Inflammation is your body’s own defense mechanism that is vital to health. When a tissue is damaged (ex. muscle tears, whiplash injuries, or a strained back) our body responds with a sequence of chemical and neurological changes. These changes essentially flood the injured tissue with fresh blood, bringing in oxygen and nutrients. With this fresh blood comes cells from our immune system, designed to protect the tissue and commence the rebuilding/healing process. This immune system response brings the heat, pain and discomfort to the area that we commonly associate with inflammation.
Ice- Best used for fresh injuries.
When an injury is fresh and caused by a sudden trauma or tearing, heat and inflammation begin to rush in. Ice helps to cool the damaged tissues and acts to dull the pain associated with inflammation.

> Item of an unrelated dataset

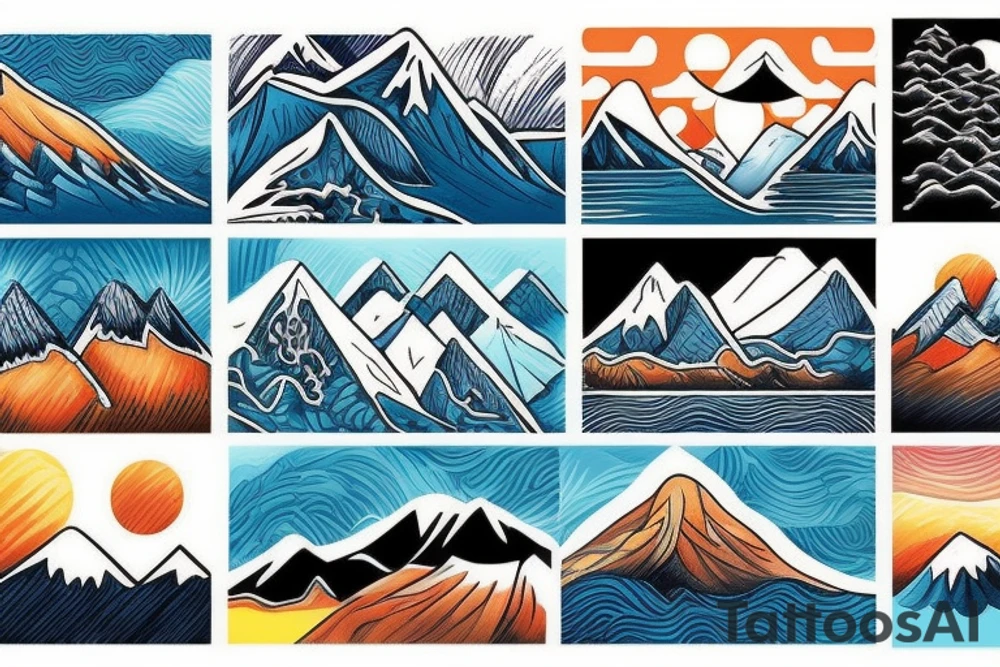 Mountains over water tattoo idea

Adding heat to an already hot and inflamed tissue will only further exacerbate the pain.
Heat- Best used for chronic pain, non-inflammatory conditions, soreness and stiffness.
Heat helps to promote circulation, eliminating any debris and waste products. Also, the warming of sore and stiff muscles and joints can create a pain-relieving effect.
AVOID heat in the first 72 hrs post injury!
What to do: 10 – 10 – 10 – 2.
10 min on, 10 min off, 10 min on and repeat every 2 hrs for the first 72 hrs.